I had a resection a couple of weeks after that frightful ER visit, and I did not think I would survive the surgery. I quickly made a will and tried to write some letters to my boys and my parents. I had just separated from my husband and I was trying to find my groove as a single mom. My oldest son had just left for the Naval Academy and I remember trying to call his commanding officer to tell him to take care of my boy as I didn't think I would get to see him again.
After surgery and hearing the ICC diagnosis, it took me several weeks to pronounce it and I had to look up how to spell it on each form I filled out as I was searching for an oncologist. My brain would not retain any of it. The surgeon shared that I was "lucky" as he was able to get all of the tumor. I was young and in good health aside from the 70% of the liver that he removed. I turned to Google and the statistics were very grim with cholangiocarcinoma and I was not feeling lucky, despite what the surgeon thought.
I believe in science and for me, that has provided a lot of hope. Knowledge is power and I felt hope when I learned I had the FGFR mutation and all of the information that was shared on my molecular profiling report. I devoured every website, clinical trial database, and daily Google Scholar Alerts about this disease.
I have an incredible support circle and I know that their love and care have given me so much strength. The CC Foundation has also been a beacon of hope and light and has infinitely made my world brighter.
FINDING THE RIGHT PHYSICIAN
It took me 10 months to find the right oncologist and it was a journey. I had an amazing surgical team, but my insurance would not allow me to stay at that hospital and the doctor that was on my plan actually said, "Your body is a garden. Cancer is the weed. Chemo is the weed killer. You have a bad weed and the medicines don't usually work."

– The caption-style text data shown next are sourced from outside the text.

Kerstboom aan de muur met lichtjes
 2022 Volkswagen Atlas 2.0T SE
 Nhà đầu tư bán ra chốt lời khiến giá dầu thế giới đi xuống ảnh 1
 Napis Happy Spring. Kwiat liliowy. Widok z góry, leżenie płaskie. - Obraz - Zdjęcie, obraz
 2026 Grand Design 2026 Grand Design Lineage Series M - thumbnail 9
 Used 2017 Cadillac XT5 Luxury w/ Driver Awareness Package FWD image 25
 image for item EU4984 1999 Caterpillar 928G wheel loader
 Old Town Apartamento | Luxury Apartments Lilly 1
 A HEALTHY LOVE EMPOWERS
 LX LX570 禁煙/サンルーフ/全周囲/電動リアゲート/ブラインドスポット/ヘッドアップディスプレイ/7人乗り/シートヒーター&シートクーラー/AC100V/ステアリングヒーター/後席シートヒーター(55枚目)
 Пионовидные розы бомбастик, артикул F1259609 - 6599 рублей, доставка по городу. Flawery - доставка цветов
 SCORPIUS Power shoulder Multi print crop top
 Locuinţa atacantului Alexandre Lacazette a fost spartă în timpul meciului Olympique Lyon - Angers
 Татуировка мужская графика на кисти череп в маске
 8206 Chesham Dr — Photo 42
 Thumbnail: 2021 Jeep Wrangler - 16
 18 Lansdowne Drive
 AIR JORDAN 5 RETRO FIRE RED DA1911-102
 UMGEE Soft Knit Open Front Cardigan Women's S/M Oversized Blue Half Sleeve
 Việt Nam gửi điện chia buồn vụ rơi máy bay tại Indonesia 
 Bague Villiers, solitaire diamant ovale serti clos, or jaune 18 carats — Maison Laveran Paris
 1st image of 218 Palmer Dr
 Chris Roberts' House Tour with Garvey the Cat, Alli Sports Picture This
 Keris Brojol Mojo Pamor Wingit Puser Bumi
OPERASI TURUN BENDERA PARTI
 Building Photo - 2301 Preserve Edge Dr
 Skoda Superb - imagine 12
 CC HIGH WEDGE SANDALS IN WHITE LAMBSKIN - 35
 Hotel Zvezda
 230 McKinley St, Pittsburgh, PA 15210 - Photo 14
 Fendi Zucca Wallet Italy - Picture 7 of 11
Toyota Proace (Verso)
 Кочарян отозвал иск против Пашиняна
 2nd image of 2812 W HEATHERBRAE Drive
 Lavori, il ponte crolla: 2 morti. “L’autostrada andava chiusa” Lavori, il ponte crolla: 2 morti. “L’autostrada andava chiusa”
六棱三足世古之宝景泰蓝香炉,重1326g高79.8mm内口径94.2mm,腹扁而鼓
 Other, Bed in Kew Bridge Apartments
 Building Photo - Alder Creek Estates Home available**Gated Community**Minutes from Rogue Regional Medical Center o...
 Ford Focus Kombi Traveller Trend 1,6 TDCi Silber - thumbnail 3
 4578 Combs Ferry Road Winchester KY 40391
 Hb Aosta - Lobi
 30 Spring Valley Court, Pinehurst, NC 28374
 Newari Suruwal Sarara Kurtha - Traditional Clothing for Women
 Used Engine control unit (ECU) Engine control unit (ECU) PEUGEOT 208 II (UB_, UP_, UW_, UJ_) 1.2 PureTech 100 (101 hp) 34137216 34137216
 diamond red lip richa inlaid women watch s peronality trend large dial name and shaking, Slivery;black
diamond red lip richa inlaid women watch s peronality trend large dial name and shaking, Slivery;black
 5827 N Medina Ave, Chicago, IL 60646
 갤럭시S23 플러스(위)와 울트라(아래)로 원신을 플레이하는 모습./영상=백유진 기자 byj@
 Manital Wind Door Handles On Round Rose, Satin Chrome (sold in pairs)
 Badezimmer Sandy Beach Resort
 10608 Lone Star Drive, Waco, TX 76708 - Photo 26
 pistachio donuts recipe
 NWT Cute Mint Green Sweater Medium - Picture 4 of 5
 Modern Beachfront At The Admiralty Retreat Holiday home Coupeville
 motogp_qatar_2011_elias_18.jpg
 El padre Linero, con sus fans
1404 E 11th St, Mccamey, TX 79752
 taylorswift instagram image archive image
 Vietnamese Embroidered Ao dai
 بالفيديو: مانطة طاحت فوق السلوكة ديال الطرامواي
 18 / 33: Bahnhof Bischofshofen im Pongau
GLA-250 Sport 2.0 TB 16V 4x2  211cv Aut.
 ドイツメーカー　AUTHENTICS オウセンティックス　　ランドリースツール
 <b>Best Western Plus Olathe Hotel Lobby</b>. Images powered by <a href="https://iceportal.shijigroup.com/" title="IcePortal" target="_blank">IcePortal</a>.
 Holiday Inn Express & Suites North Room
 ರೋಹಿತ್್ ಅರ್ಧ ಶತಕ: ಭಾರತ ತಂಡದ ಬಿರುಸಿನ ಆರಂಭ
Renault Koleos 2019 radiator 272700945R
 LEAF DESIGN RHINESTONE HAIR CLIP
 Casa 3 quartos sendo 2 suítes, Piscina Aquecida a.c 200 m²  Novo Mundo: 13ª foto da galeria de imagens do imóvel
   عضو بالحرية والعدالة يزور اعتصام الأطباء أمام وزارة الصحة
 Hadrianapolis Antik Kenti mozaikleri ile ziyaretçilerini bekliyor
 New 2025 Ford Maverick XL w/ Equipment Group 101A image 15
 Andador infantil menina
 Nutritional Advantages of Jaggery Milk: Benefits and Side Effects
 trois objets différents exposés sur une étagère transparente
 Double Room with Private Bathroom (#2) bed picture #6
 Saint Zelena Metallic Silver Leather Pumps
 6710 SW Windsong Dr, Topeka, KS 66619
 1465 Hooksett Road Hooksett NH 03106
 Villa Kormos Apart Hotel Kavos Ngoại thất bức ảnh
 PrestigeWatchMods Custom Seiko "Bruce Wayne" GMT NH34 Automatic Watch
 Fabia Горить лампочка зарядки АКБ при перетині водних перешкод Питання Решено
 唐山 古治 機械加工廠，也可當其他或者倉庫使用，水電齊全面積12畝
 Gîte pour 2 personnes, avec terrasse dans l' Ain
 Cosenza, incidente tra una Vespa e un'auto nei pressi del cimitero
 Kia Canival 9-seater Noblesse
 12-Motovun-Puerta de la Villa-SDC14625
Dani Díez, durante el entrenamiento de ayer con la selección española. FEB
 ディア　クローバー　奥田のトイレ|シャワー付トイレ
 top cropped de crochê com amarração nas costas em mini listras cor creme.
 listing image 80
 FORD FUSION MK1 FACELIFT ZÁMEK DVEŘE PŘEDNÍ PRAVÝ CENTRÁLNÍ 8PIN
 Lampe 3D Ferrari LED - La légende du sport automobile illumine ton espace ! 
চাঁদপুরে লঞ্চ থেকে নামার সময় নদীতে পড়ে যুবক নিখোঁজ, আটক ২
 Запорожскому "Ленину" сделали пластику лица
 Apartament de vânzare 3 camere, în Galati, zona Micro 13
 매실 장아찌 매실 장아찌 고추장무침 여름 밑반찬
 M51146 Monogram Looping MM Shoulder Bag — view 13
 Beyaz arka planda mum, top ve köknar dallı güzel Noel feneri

The local oncologist was kind and followed the standard of care, but I knew I needed a specialist. I found Dr. Harris in September 2017. He offered an aggressive approach, shared that science was leading the way in new treatments, and helped me find my voice. He didn't sugarcoat my diagnosis, but he offered hope.
CONNECTION TO CCF
The Foundation stresses the importance of finding care at a major cancer center and I believe that having quality medical attention is so important. Trusting my team brings hope and staying informed does as well. Again, knowledge is power and that translates to hope in my mind.
I feel that life is short, and you should eat dessert first. I don't put much money into retirement anymore and I truly live in the moment. I buy good wine and I say, yes, a lot. I think that whatever brings joy is the right way and that we all need to embrace what brings love to our hearts.
I used to try to make every moment meaningful with my boys and now I just try and savor the moment. I don't know about tomorrow, but I am going to try and live for today.